Copy, please, the line with "افزایش پنج برابری سطح باغ های زردآلو در بیضا" and each line that follows it through the end of the data below, exactly as given and without pictures.
· · ·
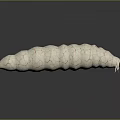White Caterpillar With Orange Vein Like Patterns Red Head And White Antennae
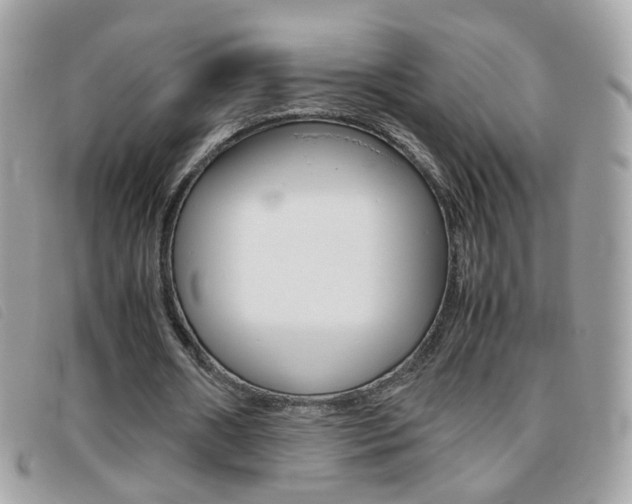 X0000095940482200801110858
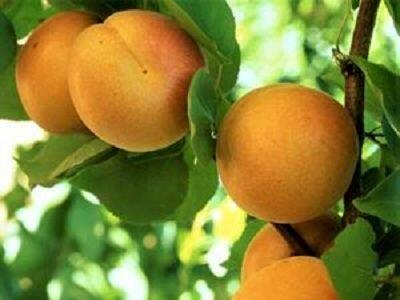 افزایش پنج برابری سطح باغ های زردآلو در بیضا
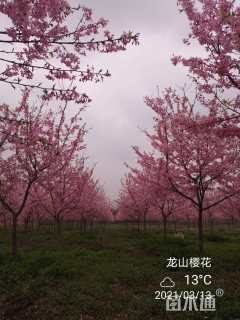 12公分红粉佳人樱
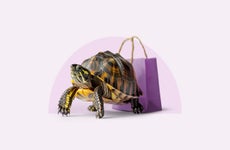 Turtle with shopping bag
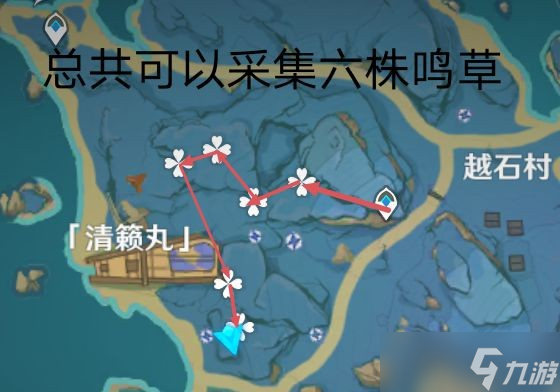 《原神》鳴草采集路線詳解 鳴草怎么采集？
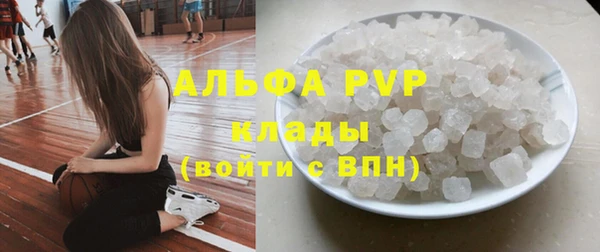 СК Алзамай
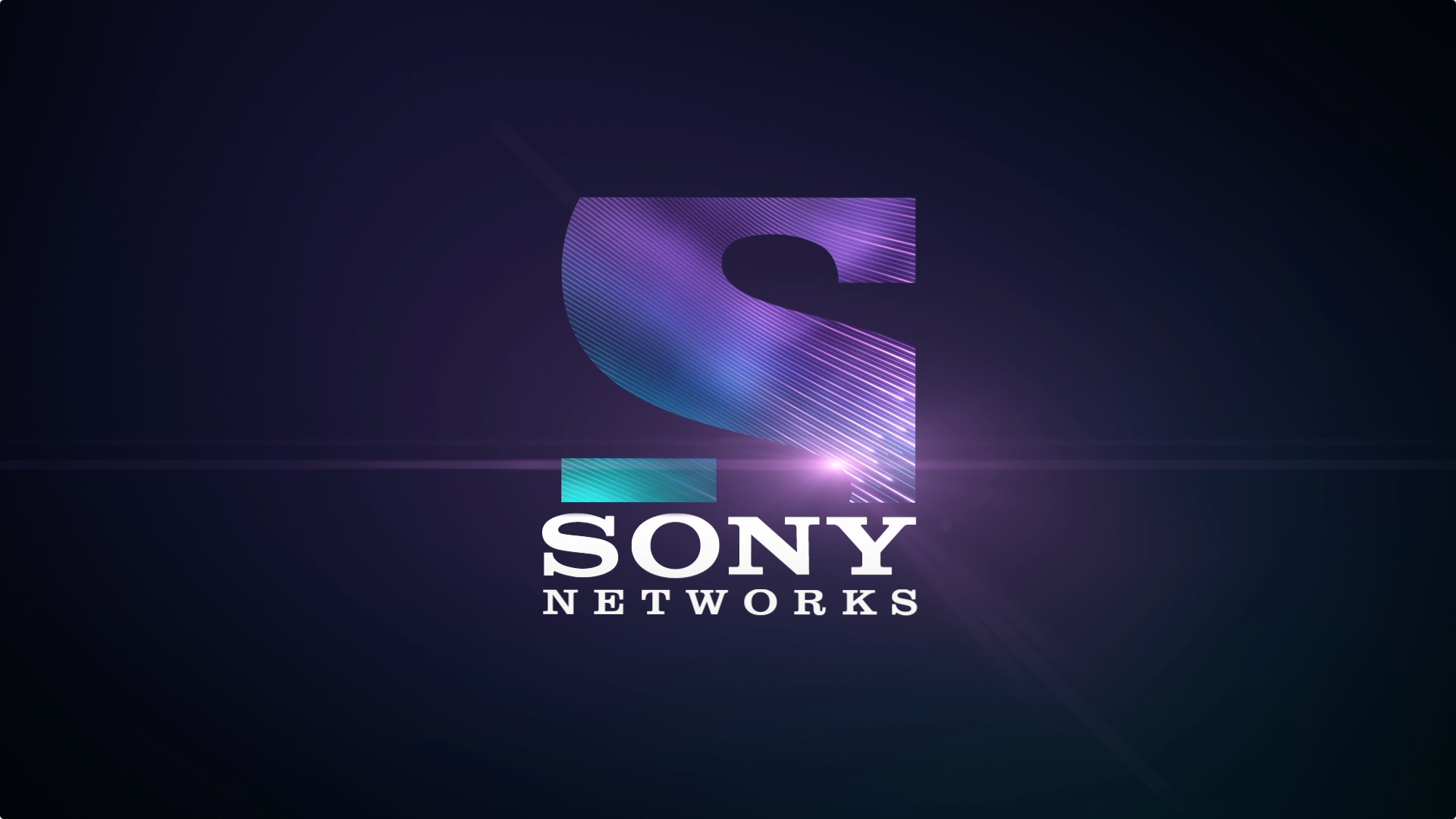 Sony Network Logo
· · ·
Output of the exercise |
 افزایش پنج برابری سطح باغ های زردآلو در بیضا
 12公分红粉佳人樱
 Turtle with shopping bag
 《原神》鳴草采集路線詳解 鳴草怎么采集？
 СК Алзамай
 Sony Network Logo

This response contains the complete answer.